Does pornography contribute to hostile attitudes against women and sexual violence?
One of the nation’s leading researchers on the effects of sexual aggression and obscenity in the media will address that question and others at the event “Pornography: Plague or Plaything?” – presented on Wednesday, Oct. 28, by the Forum on Media Ethics and Social Responsibility at Loyola Marymount University.
The keynote speaker is Neil Malamuth, Ph.D., a UCLA communication studies and psychology professor who has explored links between media content and the development of hostile masculinity, aggression against women, the lessening of empathy and the proclivity for rape. His discussion will address pornography’s impacts on men, women, heterosexual and homosexual relationships, and children growing up in an age when graphic media content can be found with a few swipes of a smartphone.

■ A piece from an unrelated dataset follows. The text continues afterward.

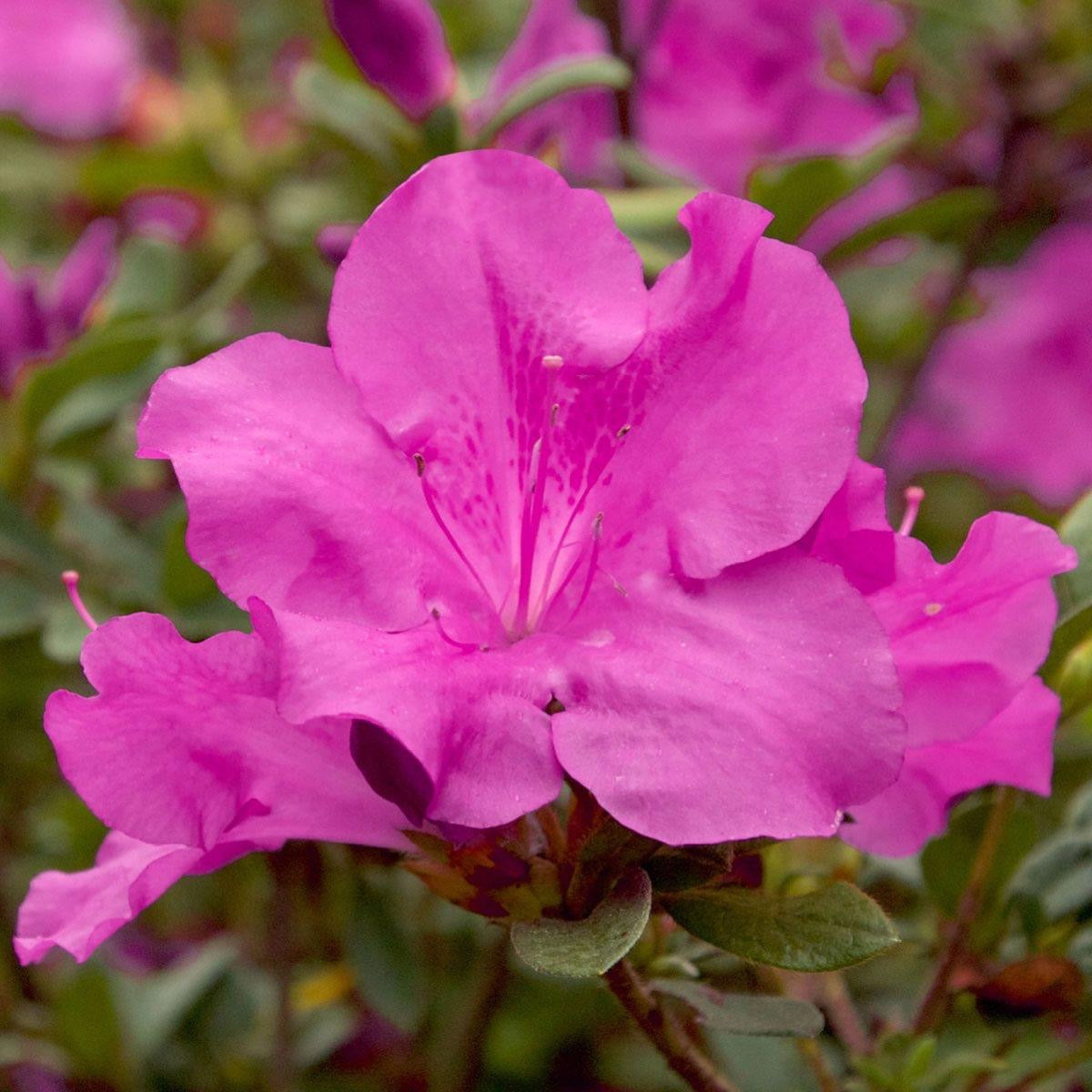 Azalea encore ’Lilac’ – Pooler Plant Pick-Up Station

“The ethics of pornography, and the question of representation of men and women and their relationships, and the way in which sex plays a role … is a bit of a taboo,” said Lawrence Wenner, Ph.D., the Von der Ahe Professor of Communication and Ethics at LMU who directs the Forum on Media Ethics and Social Responsibility. “We don’t talk about it very much, and this forum gives a unique opportunity to consider what is really known about the uses and effects of pornography.”
The event, which is free and open to the public, is at 4:30 p.m. in Ahmanson Auditorium, University Hall 1000.
The program is sponsored by LMU’s departments of Communication Studies, Psychology, Political Science and Women’s Studies; the Division of Student Affairs; and Student Media.